Work item: Report each line of the records where "Leather" occurs.

Brief descriptive captions:
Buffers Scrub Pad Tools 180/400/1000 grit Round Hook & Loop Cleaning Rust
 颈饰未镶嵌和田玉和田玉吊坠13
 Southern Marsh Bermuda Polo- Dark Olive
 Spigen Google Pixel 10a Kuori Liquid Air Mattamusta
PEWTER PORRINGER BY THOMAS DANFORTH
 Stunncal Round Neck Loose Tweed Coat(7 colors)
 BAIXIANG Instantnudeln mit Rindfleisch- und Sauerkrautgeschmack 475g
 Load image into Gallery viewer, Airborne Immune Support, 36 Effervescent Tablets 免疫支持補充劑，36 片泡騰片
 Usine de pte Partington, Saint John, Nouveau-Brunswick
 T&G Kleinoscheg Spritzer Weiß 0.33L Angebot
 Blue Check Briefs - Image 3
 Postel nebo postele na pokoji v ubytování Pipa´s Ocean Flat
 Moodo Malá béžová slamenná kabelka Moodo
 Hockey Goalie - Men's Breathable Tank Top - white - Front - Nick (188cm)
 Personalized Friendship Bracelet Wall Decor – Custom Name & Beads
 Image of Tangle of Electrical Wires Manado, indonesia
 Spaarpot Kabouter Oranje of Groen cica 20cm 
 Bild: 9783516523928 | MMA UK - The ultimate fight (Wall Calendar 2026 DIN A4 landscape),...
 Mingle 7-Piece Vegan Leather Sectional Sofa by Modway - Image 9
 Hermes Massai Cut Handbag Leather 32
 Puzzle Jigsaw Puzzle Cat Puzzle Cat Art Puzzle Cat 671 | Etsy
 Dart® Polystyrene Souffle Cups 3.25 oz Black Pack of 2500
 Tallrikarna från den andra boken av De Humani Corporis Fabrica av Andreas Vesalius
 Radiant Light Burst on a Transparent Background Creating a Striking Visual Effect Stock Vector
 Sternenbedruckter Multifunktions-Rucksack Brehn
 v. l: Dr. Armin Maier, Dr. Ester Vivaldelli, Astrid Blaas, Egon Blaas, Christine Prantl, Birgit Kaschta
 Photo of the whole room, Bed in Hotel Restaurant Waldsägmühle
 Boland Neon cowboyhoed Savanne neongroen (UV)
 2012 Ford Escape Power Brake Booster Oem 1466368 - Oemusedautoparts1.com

Output of the exercise:
 Mingle 7-Piece Vegan Leather Sectional Sofa by Modway - Image 9
 Hermes Massai Cut Handbag Leather 32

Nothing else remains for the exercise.